Jun 15, 2004 | Politics

 

Editor’s note: We were fascinated by a recent column in the Washington Post that wondered if “this time Bush could be the candidate on the losing end of the equation.” What was being examined was the weird algebra of the Electoral College, the systematic mishmash that has denied the presidency to three popular-vote winners over the years. If this does happen again in 2004, the writer thought, “two misfires in a row would cause enough of an uproar to prompt a genuine national conversation about whether the Electoral College system is still the best way to elect a president.” We really don’t think it is.

No one can forget the 5-to-4 Supreme Court decision in December 2000, 36 days after former Vice President Al Gore won a close election by a margin of 543,000 votes nationally over George W. Bush. The Supreme Court stopped the ballot recount in Florida, leaving Bush with the dubious 537-vote edge over Gore there. That helped give Bush a 271-to-267 count in the Electoral College and put him in the White House.

There have been other misfires, as noted below, and it seems such a mess to a lot of us that we asked the scholar who wrote the Washington Post piece to say more. Thomas F. Schaller holds a doctorate in political science and is an assistant professor at the University of Maryland’s Baltimore campus. He is also executive editor of the progressive political website Gadflyer.com.

Schaller explains his view of the increasing phenomenon of the “red states” and “blue states.” These labels come from the published and televised maps coloring the states red that are Republican-majority strongholds and blue that go for the Democrats, those states that held on for Gore in 2000. There are a total of 18 “battleground” or “swing states”—sometimes colored purple—whose choices are less predictable.

The spectacle of the 2000 presidential contest between George W. Bush and Al Gore—an election not decided until 36 days after ballots were cast and won by the candidate who finished second in the national popular vote—has raised anew long-dormant questions about the utility of the Electoral College method of selecting American presidents.

With an eye on this November, we need to consider the implications of the Electoral College for the polarized, “blue-red” America of 2004. Has the Electoral College, a vestige of American colonial thinking, exhausted its value? Should we simply abandon it in favor of the most obvious alternative—the direct, popular-vote election of American presidents? These are arguable questions. But if another electoral crisis occurs this November, one thing is certain: 2004 will be remembered as the year that the Electoral College itself was on the ballot.

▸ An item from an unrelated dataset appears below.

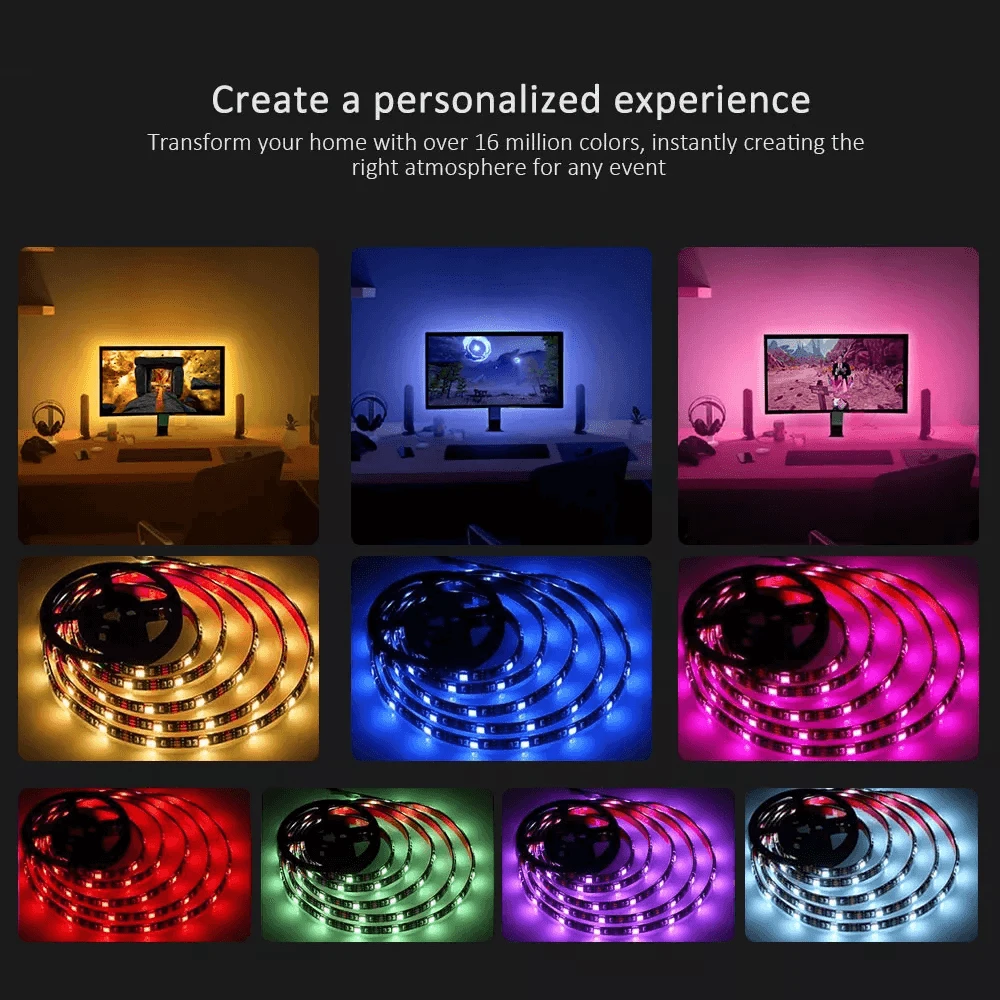 حبل إضاءة LED بألوان RGB 5050 مع تحكم من خلال تطبيق الموبايل 4 متر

Any discussion of the Electoral College begins with the phenomenon political scientists refer to as “unit rule”the winner-take-all capture of a state’s electors by the candidate who receives a majority, or even a plurality, of the state’s popular vote. Except for Maine and Nebraska, which assign their electors based on both statewide and House district performances, the remaining 48 states and the District of Columbia have winner-take-all contests.

Consider the unit rule’s implications in the extremes: In a two-party race, one candidate could win each of the 50 states, plus the District of Columbia, by a single vote and thereby capture all 538 electoral votes, despite, a 51-vote-margin virtual tie in the national popular vote.

On the other extreme, in 2004 a candidate could theoretically win only the 11 most-populous states—California through North Carolinaagain by just a single vote each, yet still collect 271 electors and the White House without so much as appearing on the remaining 39 state ballots. Popular votes matter, but only insofar as they lead to a combination of statewide victories that yield the 270 or more electors that constitute a majority.

THE MISFIRES—Former Vice President Al Gore learned this bitter lesson in 2000, much as fellow Democrats Samuel Tilden (1876) and Grover Cleveland (1888) had before him. All three were victims of what’s known as a “misfired” election, in which the popular-vote winner fails to receive a majority of the electoral votes.

The 1824 contest was a special variant of the misfired election: Democrat Andrew Jackson came in first in both the popular and electoral votes, but did not win a majority of the electors, who were split among four candidates. When no candidate receives a majority of the electors, the Constitution empowers the House of Representatives to choose the president, and the House picked John Quincy Adams over the insurgent Jackson.

Misfires, however, are just one potential complication of the Electoral College method for selecting presidents. Another is “faithless electors”—that is, electors who vote for candidates other than those to whom they were initially pledged.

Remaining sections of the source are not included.